サグリは、2019年よりインド・ベンガルールに子会社を設置しており、現在は現地で農家支援を行うローレンスデール・アグロ・プロセッシング・インディア(LEAF)と事業提携している

現地の農業大手と業務提携したことにより、インドの農家や金融機関に対してアプローチできるネットワークを築くことができた。坪井氏は今後、それを脱炭素ビジネスにも生かすことを期待している。

地球で暮らし続ける方法を探る

これまで民間企業が有効利用できていなかった衛星データにいち早く目を付け、サグリは国内外の社会的な課題解決にアプローチしてきた。
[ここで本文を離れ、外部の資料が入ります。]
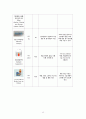 아동간호학 APN CASE STUDY, 급성신우신염 간호과정 2개 15페이지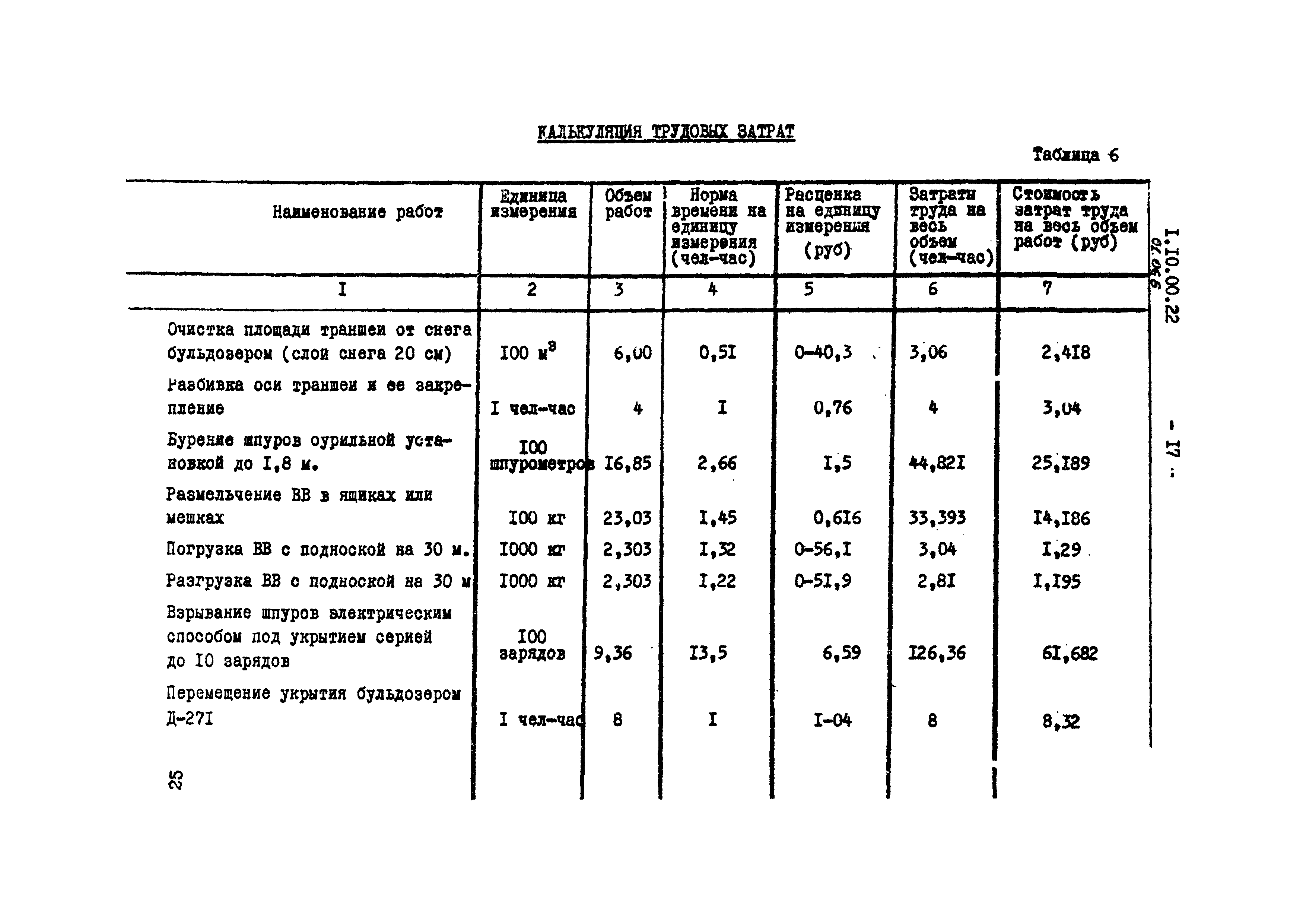 ТТК 1.10.00.22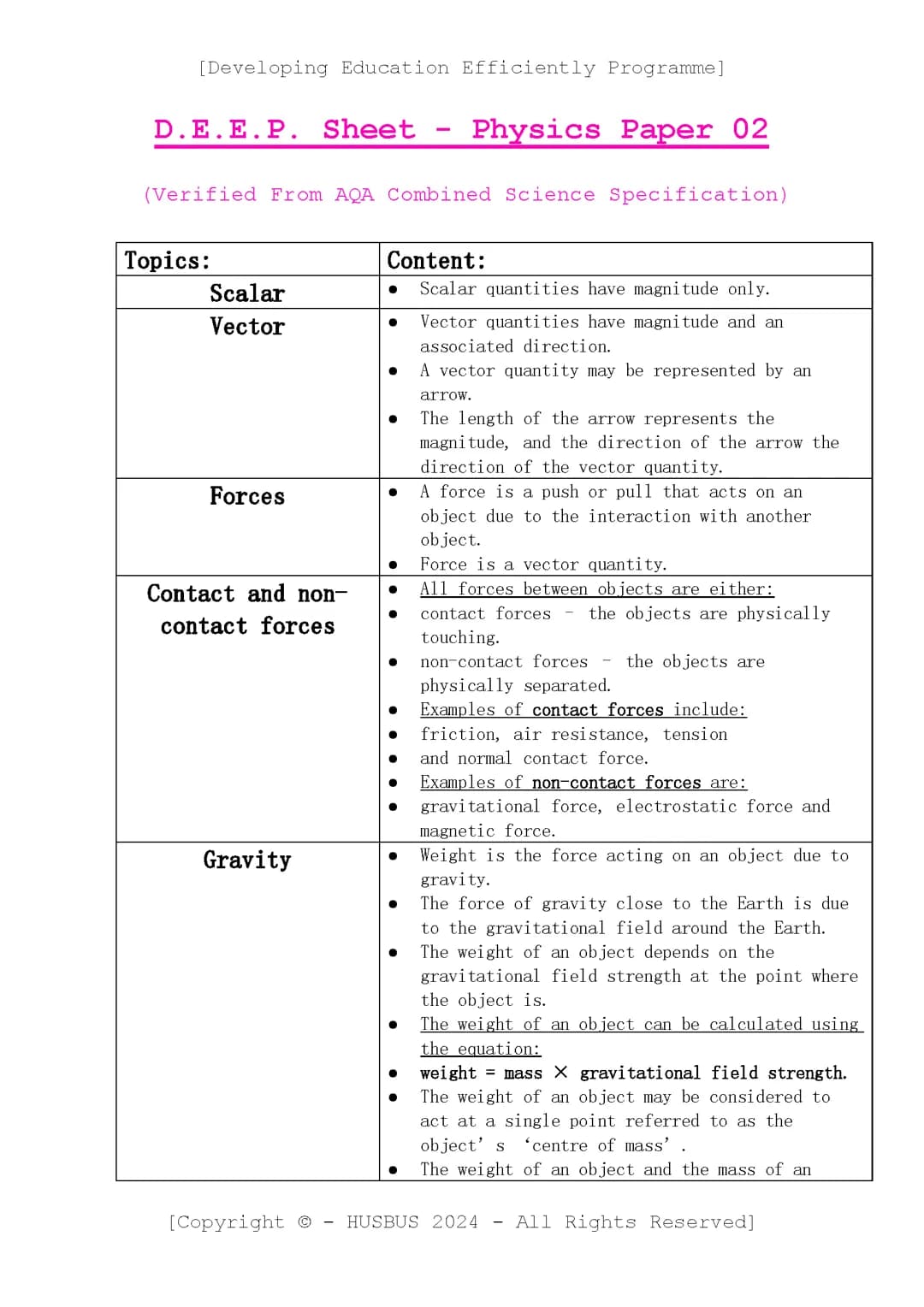 [Physics Paper 02 - D.E.E.P. Sheet]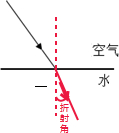 根据光的折射规律,在图中画出折射光线,并标出哪一个是折射角. 魔方格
サグリは、衛星データには地球と人類の共存をサポートする可能性があることを確信している。

「まだまだ我々が解析できてない領域はたくさんあります。例えば昨今は小型SAR(合成開口レーダー)衛星の開発が進んでいますが、夜であっても、空が曇っていても、地表の滑らかさを測ることができるんですよ。それによって、農地の水張りの状況や土壌の水分量を解析するなど、あらゆる用途が考えられます。農業分野に限らず、その情報は幅広い領域で応用可能です。我々としては将来的に林業の課題解決にも取り組んでいきたいと思っています」

衛星データを解析することで地球上の状況が可視化される。すると持続可能な社会を実現するための道筋も見えてくる。坪井氏が望んでいるのは、社会的・環境的な影響を生み出すインパクト投資が当たり前の世の中になることだ。

「気候変動によって農業生産が思いどおりに進まないことは、人類が立ち向かっていかなければならない最大の課題だと思っています。長らく『環境ビジネスはもうからない』と言われてきましたが、もはやそういう話ではなく、現代人の責任として社会の課題解決に取り組むプレーヤーが増えてほしいですね。私としては、世界中の才能や資金が集結してデジタル技術を駆使すれば、食料危機は早々に解決できると思っています」

「気温上昇などの地球環境が変容している中で、人類に対しても変容が求められている」と語る坪井氏

悠長に構えている時間はない。気候変動に歯止めをかけなければ、地球に住むことを諦めて火星移住という非現実的な選択肢に頼らざるを得なくなる時代がやってくるかもしれない。宇宙に移り住む方法ではなく、宇宙から得られる情報によって地球で暮らし続ける方法を“サグリ”続ける。坪井氏の合理的なロマンの成就に期待したい。